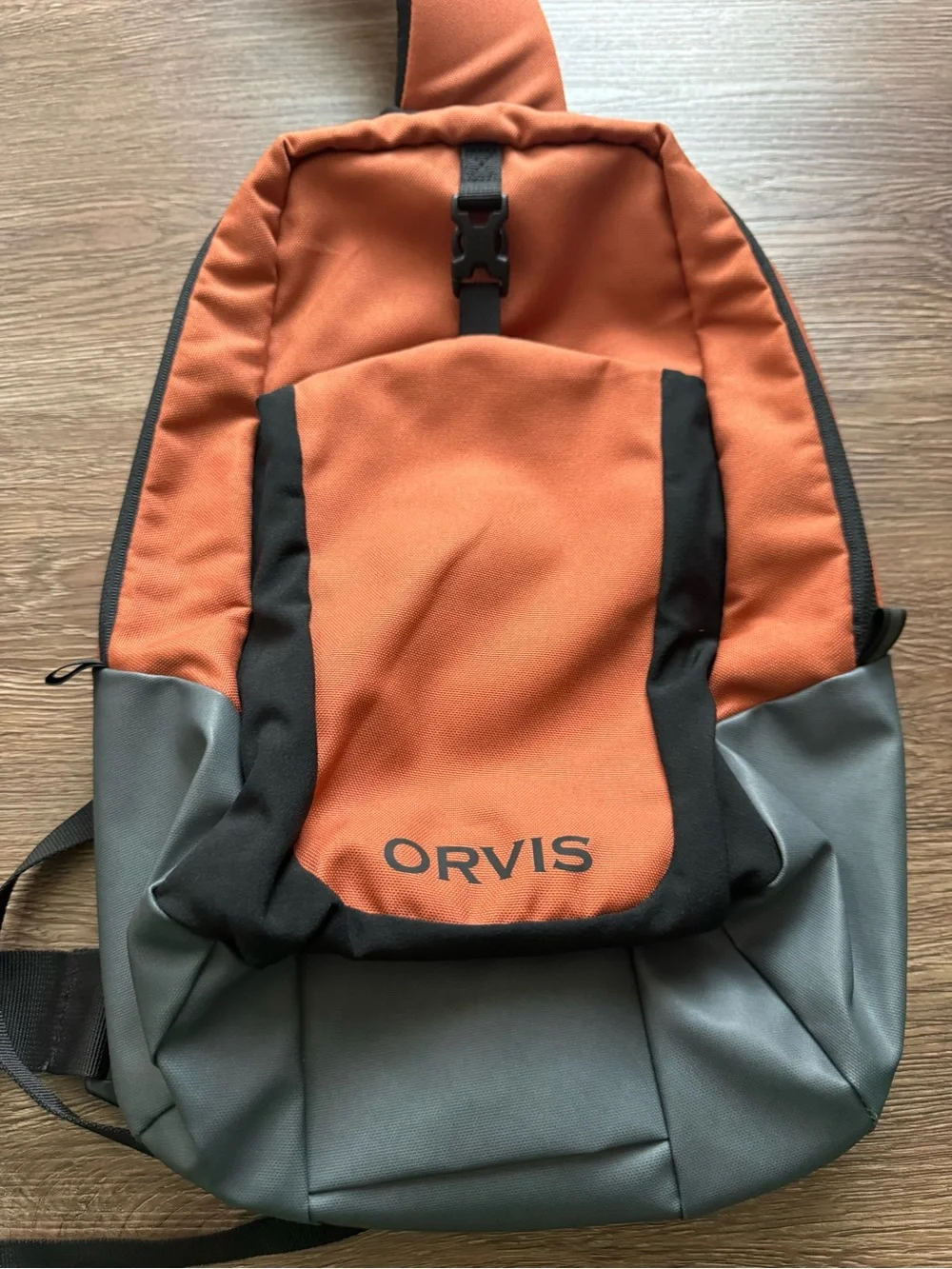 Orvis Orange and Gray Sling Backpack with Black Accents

== == ==

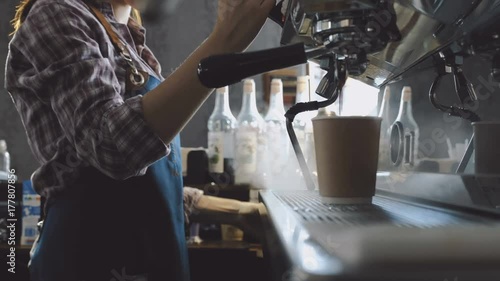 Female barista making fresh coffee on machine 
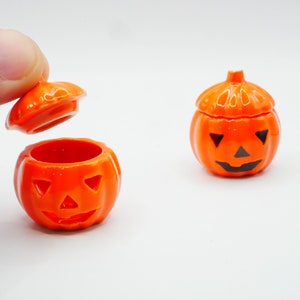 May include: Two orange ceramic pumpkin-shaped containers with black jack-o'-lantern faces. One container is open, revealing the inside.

== == ==

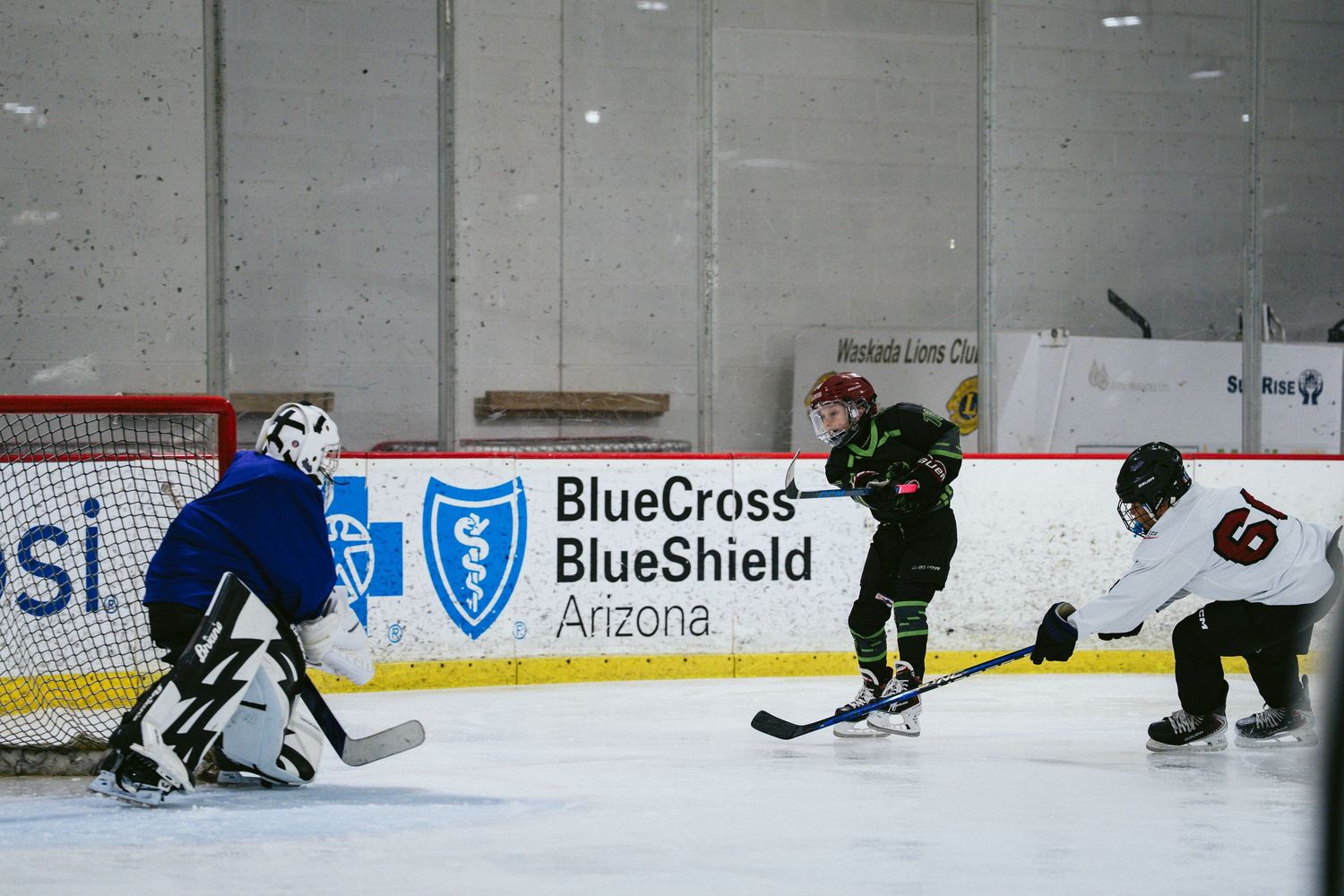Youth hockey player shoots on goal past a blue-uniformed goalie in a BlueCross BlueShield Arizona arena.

== == ==

◆ Brief ◆
Please copy the lines above exactly, starting at the line that holds "Female barista making" and ending at the line that holds "May include: Two"; include both, but no pictures.

◆ Your response ◆
 Female barista making fresh coffee on machine 
 May include: Two orange ceramic pumpkin-shaped containers with black jack-o'-lantern faces. One container is open, revealing the inside.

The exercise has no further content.